The Vines played only a handful of live dates before entering Sydney's A# Studios in April 1999 to demo their best songs. Fortune smiled when Andy Cassell, owner of local label Ivy League, discovered the demo and signed them. After concluding their first Australian tour, the Vines signed to Capitol Records and flew to Los Angeles to record their debut album Highly Evolved in collaboration with producer Rob Schnapf and session drummer Joey Waronker.
The soft-loud dynamics, childlike simplicity and bent distorted guitar notes of "Get Free," the second single from Highly Evolved, immediately bring to mind Nirvana; Nicholls' ceiling-scraping voice cements the comparison. Though it might be a touch derivative, "Get Free" presents Nicholls as a talented songwriter, employing classic tricks like vocal octave layering and call-and-response to switch up a tested formula. Mostly, the song is carried by the sheer energy of the performance: note Nicholls' Iggy Pop-like scream after the second verse.

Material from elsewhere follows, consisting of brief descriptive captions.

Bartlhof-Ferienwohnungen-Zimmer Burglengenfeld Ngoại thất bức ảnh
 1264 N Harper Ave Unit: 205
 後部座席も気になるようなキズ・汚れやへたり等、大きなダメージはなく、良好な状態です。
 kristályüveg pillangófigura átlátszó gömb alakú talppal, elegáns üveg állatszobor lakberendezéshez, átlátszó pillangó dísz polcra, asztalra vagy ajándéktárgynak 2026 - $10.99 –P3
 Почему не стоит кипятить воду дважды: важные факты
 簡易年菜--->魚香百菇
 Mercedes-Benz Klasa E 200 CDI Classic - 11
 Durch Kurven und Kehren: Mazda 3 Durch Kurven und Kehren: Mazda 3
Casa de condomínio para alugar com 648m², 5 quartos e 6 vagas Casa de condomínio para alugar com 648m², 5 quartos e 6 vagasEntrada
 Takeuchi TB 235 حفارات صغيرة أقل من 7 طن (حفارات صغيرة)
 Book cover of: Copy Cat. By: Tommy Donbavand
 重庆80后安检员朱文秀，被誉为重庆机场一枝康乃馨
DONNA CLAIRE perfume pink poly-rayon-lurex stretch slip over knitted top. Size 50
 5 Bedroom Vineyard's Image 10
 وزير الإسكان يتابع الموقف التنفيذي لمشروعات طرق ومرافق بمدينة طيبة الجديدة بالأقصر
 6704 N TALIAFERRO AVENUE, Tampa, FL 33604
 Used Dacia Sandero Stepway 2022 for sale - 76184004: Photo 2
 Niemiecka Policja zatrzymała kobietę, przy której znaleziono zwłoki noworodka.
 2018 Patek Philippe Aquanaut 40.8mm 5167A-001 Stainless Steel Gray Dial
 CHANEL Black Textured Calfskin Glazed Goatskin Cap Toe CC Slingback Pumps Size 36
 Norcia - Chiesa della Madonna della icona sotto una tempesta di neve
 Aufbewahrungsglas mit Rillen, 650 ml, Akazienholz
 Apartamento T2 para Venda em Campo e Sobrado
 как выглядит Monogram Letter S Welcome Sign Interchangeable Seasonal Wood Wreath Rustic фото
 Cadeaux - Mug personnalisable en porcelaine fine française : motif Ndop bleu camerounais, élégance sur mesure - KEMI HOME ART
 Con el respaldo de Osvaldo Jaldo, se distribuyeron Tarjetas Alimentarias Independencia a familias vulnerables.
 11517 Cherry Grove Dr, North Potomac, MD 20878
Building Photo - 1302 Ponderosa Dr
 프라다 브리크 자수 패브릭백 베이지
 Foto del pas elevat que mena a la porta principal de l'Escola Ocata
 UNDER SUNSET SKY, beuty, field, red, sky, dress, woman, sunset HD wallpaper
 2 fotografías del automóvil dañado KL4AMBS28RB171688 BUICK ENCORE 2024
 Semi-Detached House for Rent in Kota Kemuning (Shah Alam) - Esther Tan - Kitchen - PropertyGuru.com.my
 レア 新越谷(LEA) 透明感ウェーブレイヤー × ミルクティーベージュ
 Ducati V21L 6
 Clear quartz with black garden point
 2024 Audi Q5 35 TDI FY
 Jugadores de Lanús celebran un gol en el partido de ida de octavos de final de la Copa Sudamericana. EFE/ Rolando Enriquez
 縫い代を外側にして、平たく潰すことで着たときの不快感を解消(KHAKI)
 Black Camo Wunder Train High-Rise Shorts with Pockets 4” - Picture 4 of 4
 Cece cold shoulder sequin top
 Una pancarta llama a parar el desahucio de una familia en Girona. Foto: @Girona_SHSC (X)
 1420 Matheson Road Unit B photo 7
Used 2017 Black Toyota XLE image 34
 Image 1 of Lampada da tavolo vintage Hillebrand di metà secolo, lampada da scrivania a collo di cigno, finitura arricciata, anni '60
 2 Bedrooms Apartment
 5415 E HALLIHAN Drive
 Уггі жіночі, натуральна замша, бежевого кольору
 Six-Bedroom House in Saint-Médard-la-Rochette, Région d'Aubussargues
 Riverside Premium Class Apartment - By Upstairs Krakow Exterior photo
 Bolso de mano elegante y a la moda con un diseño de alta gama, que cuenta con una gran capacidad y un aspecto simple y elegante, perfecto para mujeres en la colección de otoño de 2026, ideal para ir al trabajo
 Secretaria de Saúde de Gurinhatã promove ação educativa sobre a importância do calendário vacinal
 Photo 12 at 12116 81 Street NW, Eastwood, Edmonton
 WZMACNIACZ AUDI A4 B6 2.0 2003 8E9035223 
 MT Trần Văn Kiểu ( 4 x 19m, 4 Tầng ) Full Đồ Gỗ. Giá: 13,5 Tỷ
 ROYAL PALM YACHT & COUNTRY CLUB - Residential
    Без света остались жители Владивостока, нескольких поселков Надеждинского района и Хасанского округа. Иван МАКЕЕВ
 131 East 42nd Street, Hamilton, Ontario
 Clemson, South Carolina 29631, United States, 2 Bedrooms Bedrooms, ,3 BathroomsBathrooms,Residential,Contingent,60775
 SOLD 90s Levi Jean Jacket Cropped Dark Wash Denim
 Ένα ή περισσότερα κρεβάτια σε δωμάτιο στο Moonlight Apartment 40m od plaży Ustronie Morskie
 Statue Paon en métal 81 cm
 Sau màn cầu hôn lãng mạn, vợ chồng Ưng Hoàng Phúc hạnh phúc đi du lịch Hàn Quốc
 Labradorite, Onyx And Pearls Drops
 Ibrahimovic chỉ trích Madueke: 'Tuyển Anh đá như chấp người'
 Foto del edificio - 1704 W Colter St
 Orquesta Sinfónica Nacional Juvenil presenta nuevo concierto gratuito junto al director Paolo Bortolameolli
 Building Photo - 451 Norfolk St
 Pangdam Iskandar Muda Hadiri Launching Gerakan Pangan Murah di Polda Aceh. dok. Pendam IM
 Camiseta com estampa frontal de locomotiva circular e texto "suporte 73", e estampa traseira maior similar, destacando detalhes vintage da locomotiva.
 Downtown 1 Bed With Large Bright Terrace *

Fervor around the Vines exploded after the Strokes reinstated rock's relevance, and the band mounted an international tour and (bewilderingly) landed the cover of Rolling Stone in October 2002. "Get Free" went on to reach number seven on the Billboard Modern Rock chart, and soared to number 24 in the U.K. Yet tour pressures led Nicholls to develop a heavy dependence on cannabis, and his chaotic on-stage presence and erratic rapport with the media culminated in a self-sabotaging performance of "Get Free" during an infamous 2002 spot on CBS's The Late Show with David Letterman.
Years later, Nicholls would be diagnosed with Asperger's Syndrome, but without the clarity of that diagnosis, the Vines sputtered, and during a 2004 tour with fellow Aussies Jet, Matthews abruptly quit the band after another of Nicholls' violent outbursts. Nicholls continues to release music under the Vines brand, though his condition keeps the act from touring with any frequency.